Altai music is the traditional music of the Altai peoples in the Altai Mountains of southern Siberia. It is marked by epic storytelling, overtone (throat) singing known locally as kai, and a timbre-first aesthetic that imitates the sounds of wind, rivers, birds, and horses.
Core instruments include the topshur (a two‑string plucked lute), the shoor (end‑blown flute), the khomus (Jew’s harp), and frame drums used in ritual and narrative contexts. Melodies often draw on anhemitonic pentatonic modes and flexible, speech‑like rhythms, while textures tend toward solo voice with drone, or sparse heterophony from a small ensemble.
Songs commonly praise mountains, taiga, and rivers, recount heroic epics and clan histories, and invoke Tengrist cosmology, blending practical herder life with a spiritual view of nature.
Altai music grew from the lifeways of nomadic and semi‑nomadic Turkic‑Mongolic peoples in the Altai Mountains. For centuries, epic bards and kai‑singers transmitted history, ethics, and cosmology entirely by ear, using flexible rhythms and modal melodies suited to storytelling and the open landscape. The imitation of natural soundscapes—wind, hoofbeats, birdcalls—became an aesthetic hallmark, supported by overtone techniques (kai) and simple drone accompaniments on the topshur and khomus.
Russian explorers, missionaries, and ethnographers documented Altai musical practices in the 1800s and early 1900s. Wax cylinders, later discs and notations, captured epic genres and ritual songs, while local instrument building (topshur/topshuur variants, shoor flutes) was described in detail. Cross‑regional exchange with Tuvan and Mongolian performers further shaped the vocal styles and repertoires across the Altai–Sayan cultural zone.
During the Soviet era, regional song‑and‑dance ensembles arranged village repertoire for stage performance. This professionalized the tradition, standardizing tunings and forms, adding choral textures, and placing the topshur, shoor, and khomus into orchestrated contexts. While ritual contexts narrowed, broadcast and touring expanded the music’s reach inside and outside the USSR.

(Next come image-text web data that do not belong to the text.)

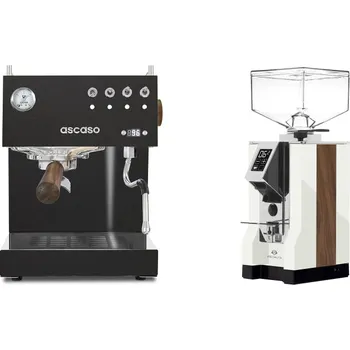 Kávovar Ascaso Steel UNO PID, Black&Wood + Eureka Mignon Specialita, WD…
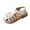 White, variant on JnBQdnc Girls Sandals,Summer Sandal Sale Toddler Sandles Girls Jelly Sandals Rubber Sole Closed Toe Princess Flat Flower Summer Shoes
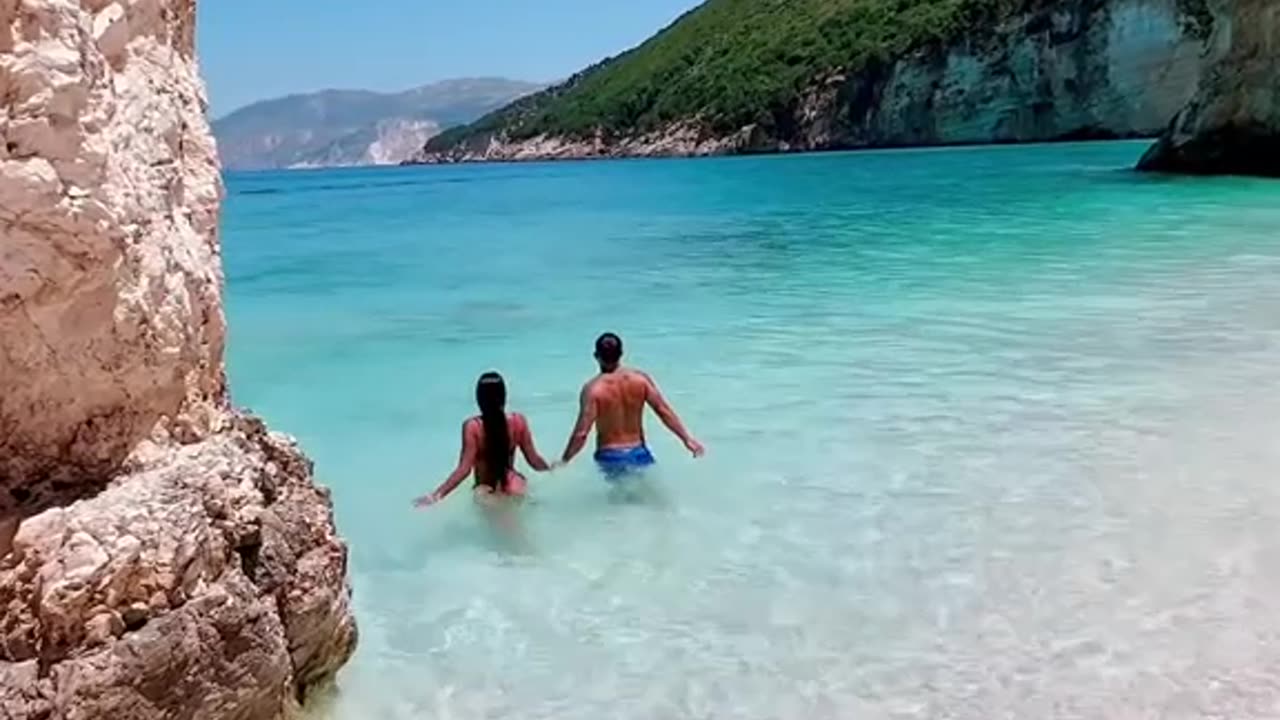 Beautiful Beach with Blue Water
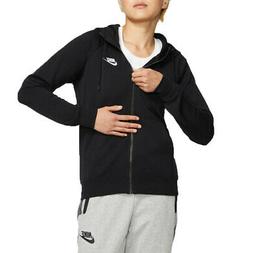 Nike Felpa da Donna con Cappuccio Club Nera Taglia XS Cod BV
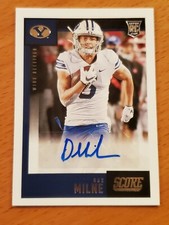 2021 Chronicles Draft Score Rookie Auto Dax Milne BYU Washington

After the 1990s, local ensembles and culture bearers revived epic performance and kai techniques, often engaging in cultural festivals and recordings. Contemporary groups balance authenticity with new media and occasional fusion—pairing topshur and shoor with guitar, bass, or ambient textures—bringing Altai music to world stages while maintaining narrative content rooted in landscape and Tengrist worldview.